I would like to contribute my two cents on how to 'continue' on classical
music, not just starting. To that I'd advise following in our listenings the
historical or 'natural' order that composers have followed before us. And
trying to reach to a phase/stage as near as possible to our own time. That
means, listening to baroque, and classical/romantic music, a lot of it.
Vivaldi, Bach, Beethoven, Mozart, Bruckner, Mahler, and again Bach, and then
more Beethoven... Thats the golden age of music, and it shall remain so for
ever !
But some day you begin to feel some 'deja vue' with it. Some boredom at
times ? Maybe. Only for an instant, but thats enough to dare make a step
forward and discover some newer -more recent author. I think oyu should
not 'burn' intermediate stages, you should go step by step and enjoy the
music that was done in Europe at the end of XIX - beginning of XX. The
process of 'abandonement' of tonality and rythmic orthodoxy. It was not a
capricious but a much needed movement, by the elites at taht time - Wagner,
Berg, Schoenberg, Stravinsky, Shostakovitch and the like. Only then, when
your ear 'asks' for it, trying some 20th century musicians, like Hindemith,
Henze, Krenek, Kurt Weill or others (what a surprise with this one - its
jazz mixed-up with classical !), and finally, if you ever feel the need to
it, -not otherwise !- listen and try to 'understand' your own time musical
authors, whatever country you live in. I mean second half of 20ht century,
there are so many - look try and compare ! Lutoslavski, Charles Widor,
Arnold Bax, Villa-Lobos, Martinu.... There is so much to choose from ...
Thats the music YOU would be doing if you were a porfessional ! And that is
the one most people do not discover ever.
Of course , I chose a rather particular path to follow, but the thread was
on 'classical music' right ? There are very interesting sideways to this -
somebody rightly said that jazz is the 20th century muic 'par excelence'.
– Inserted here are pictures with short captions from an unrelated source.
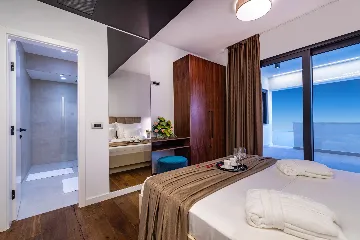 Contemporary Seaside Villa with Pool, Novigrad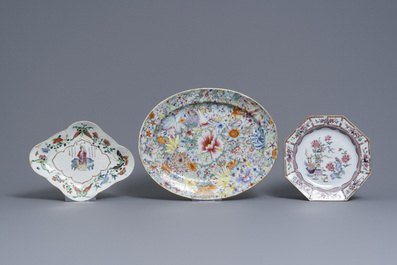 Een diverse collectie Chinees famille rose en monochroom porselein, Qianlong en later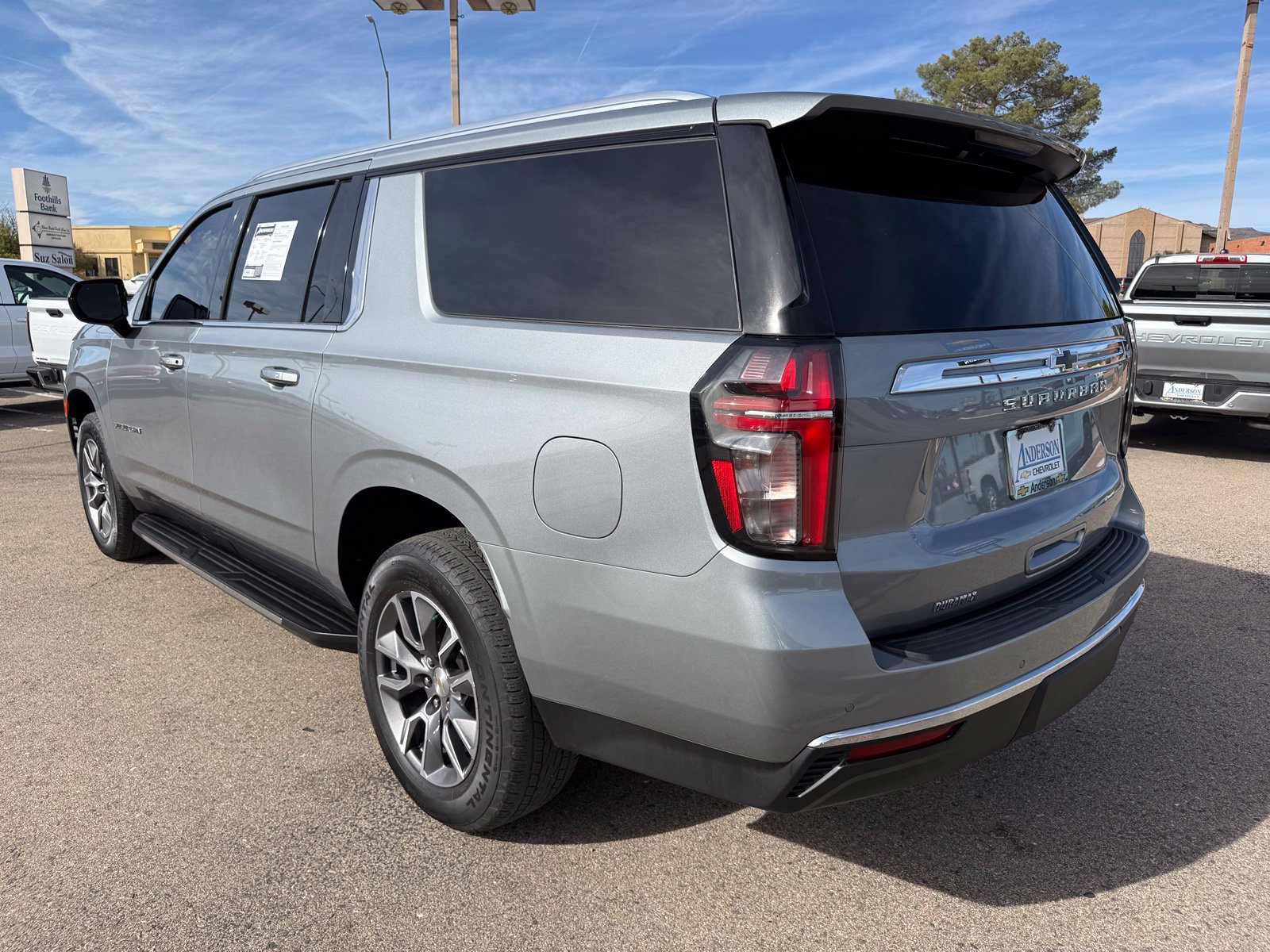 Used 2024 Chevrolet Suburban LS w/ Driver Alert Package RWD image 10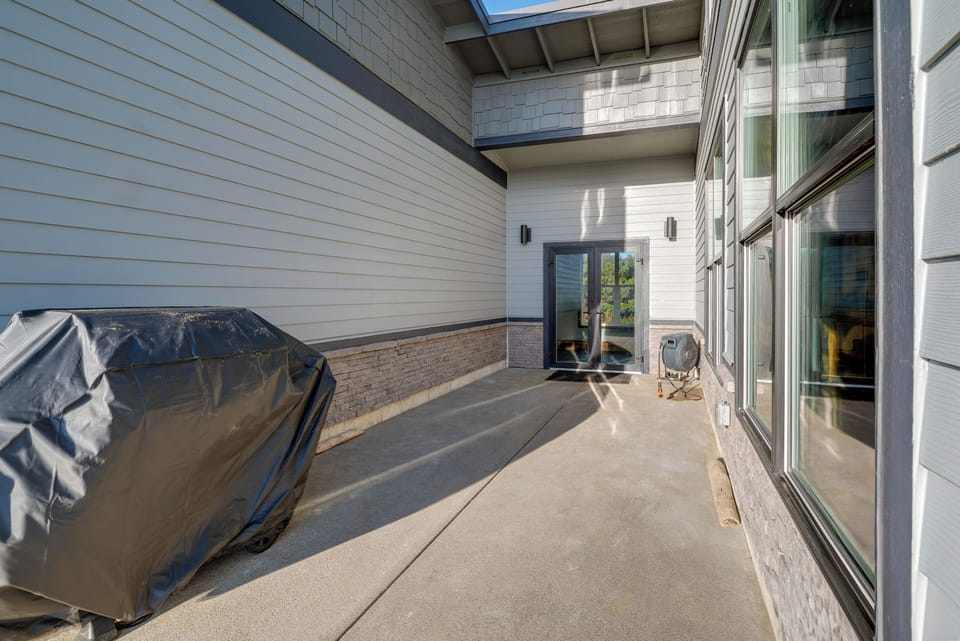 Exterior | Gas Grill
Then you have classical/traditional music, like
Sorry for the long digression, but this is meant for beginers ok ? And the
whole point is - open you ears to music, to all of it, including classics.
And dont forget the classics of our time. Their music may seem difficult and
obstrussive, but not so if you follow the process that musicians have
followed themselves before. And dont forget to make it always a pleasure -
music is nothing is it is not a pleasure, or a relief of pain, or whatever
....
Hi, I was just listening Bachs Wohltemperierte Klavier, Buch 1 (piano), by Keith Jarret. ECM, 1988 DDD recording. AKG K701 brand new cams. Denon old DCD 1420, Musical Fidelity X-Can V3 head-amp.